書評

2013年9月号掲載

“ショートショートの神様”が遊んでる!

――星新一『つぎはぎプラネット』(新潮文庫)

新井素子

対象書籍名:『つぎはぎプラネット』(新潮文庫)
対象著者:星新一
対象書籍ISBN:978-4-10-109853-1

 星新一さんというのは、もの凄い作家なんだなって、改めて思う。
 生きていらっしゃった頃から、ショートショートの神様と呼ばれていたのに、1001編ショートショートをお書きになった処で、ぴたっとショートショートを書くのをやめた。神様とまで言われ、読者が山のようにいる現役作家が、御自身の代名詞でもある“ショートショート”を封印するということが、どんなに大変か。

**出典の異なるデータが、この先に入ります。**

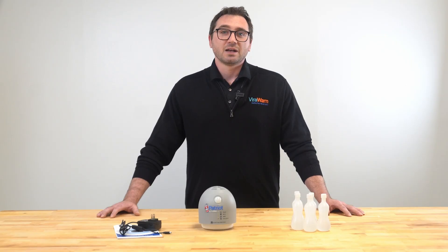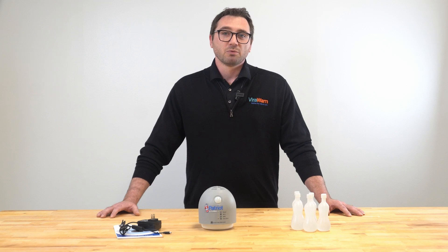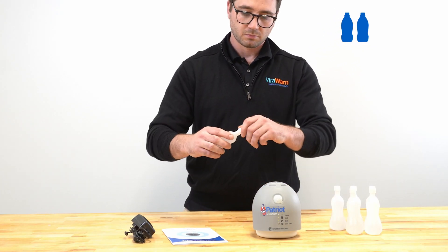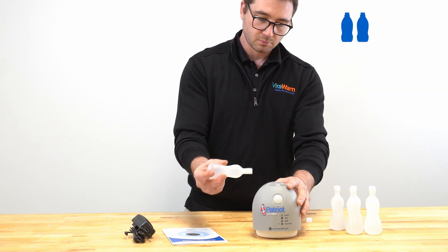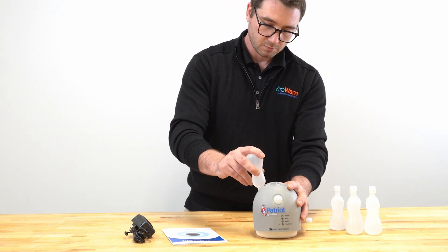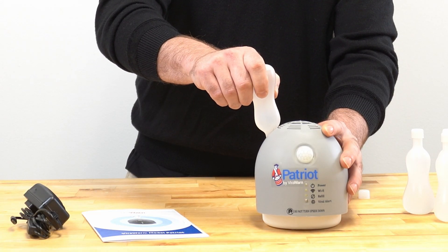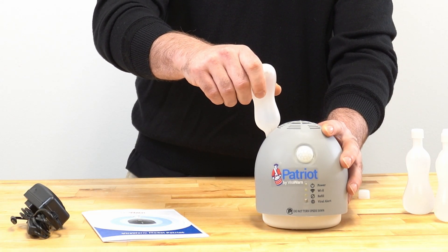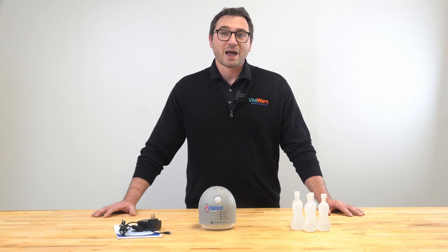Next, I'll show you how to add liquid media. Patriot by ViralWarn comes with 6 liquid media refill bottles. You will need to put 2 of those bottles into the device to fill it to capacity. The liquid media is a specialized engineered conductive media required for Patriot by ViralWarn's remarkable coronavirus detection ability. It is safe to use and completely non-toxic, so please do not worry if you accidentally spill any while filling the device.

しかも、そののちも、ショートショートの新作がでなくとも、ひたすら読者に愛され続けた。星さんは、私の父と同い年なのだけれど、まず、父の世代に愛され、子供世代である私達に愛され、今では私の子供のような世代が星さんを愛し、そう遠くないうちに、私の孫世代が星さんを愛するだろう。星さんの没後、十数年たつというのに、未だに本屋さんには大抵星さんの本があるのだ。
 しかも、没後こんなにたってからの『つぎはぎプラネット』の出版だ。これは一部を除いて、単行本未収録作品集である。(その上、星さんの場合、没後に出た、単行本未収録作品集、これで二冊目!)
 このはやりすたりの激しい世の中で、これは一体どんな快挙なんだ! というか、異常現象のような気もする。
 そして、この作品集は、主に、「星新一は好きな作家だよ、私、結構読んでる」って人に、とてもお薦めの本なのである。
 というのは、星さんというのは、とてもスタイリッシュな方で、御自分の作品についても、かなり厳格なスタイルというものをお持ちになっていらした。
 この本は、単行本未収録作品集である。生前の星さんが、意図的に本にしなかったものを集めたものである。ということは、星さんのスタイルからはずれてしまったものもはいっているということで……。
 私も、原稿の段階で収録作品を読ませていただいたんだけれど、一星ファンとして、とっても楽しかった。
 え、星さんの楽屋落ち? ああ、これ、星さん、完全に遊んでるー。うわ、星さん、若いー。星さんの“若書き”を読むことができるとは……。
 星新一を最初に読むのなら、『ボッコちゃん』等、星さんが御自分でお作りになった本が一番なんだけれど、ある程度星作品を読み込んだ人には、これはもう、望外のプレゼント。スタイリッシュな星さんが隠そうとした素顔が透けて見えているものもある。(これは、星さんにしてみれば、意に染まないことなのかも知れない。けど、星さん自身が、かつてこれに類することをやっているしなー、この辺については、高井さんの解説を参照して下さい。)
 あ、解説って言えば。編者である高井信さんの解説も、必読。ここには、この本を編むにあたっての苦労が(えーと、実作業を知っている身にしてみれば、かなり薄めて)書かれているんだけれど、いや、もう、ほんっと、星さんくらい研究者をタイトルで悩ませる作家は、いないんじゃないかと思う。とにかく改題するし、同じタイトルの作品があったりするし……。(まあ、高井さんも解説で書いてらっしゃるけれど、ショートショートを千編以上も書いてしまえば、そういうことになるよね。星さんがおつけになるタイトルは、「鍵」とか「包囲」とか「発火点」とか、単純な単語であることが多く、それが千を越せば……だぶらない訳がないし、かぶっちゃっても気がつかないことだって、そりゃ、あるだろう。)
 また、単行本収録作品と、内容が似ていてもかなり改稿されたものは収録されているので(それを高井さんが丁寧に追ってくれているので)、高井さんの解説を片手に読み比べてみるのも一興だと思う。

 冒頭で私は、「星新一さんというのは、もの凄い作家なんだな」って書いた。「もの凄い作家だったんだな」、では、ない。
 没後十何年たっても、未だ、現役の“もの凄い作家”なんだと、改めて思う。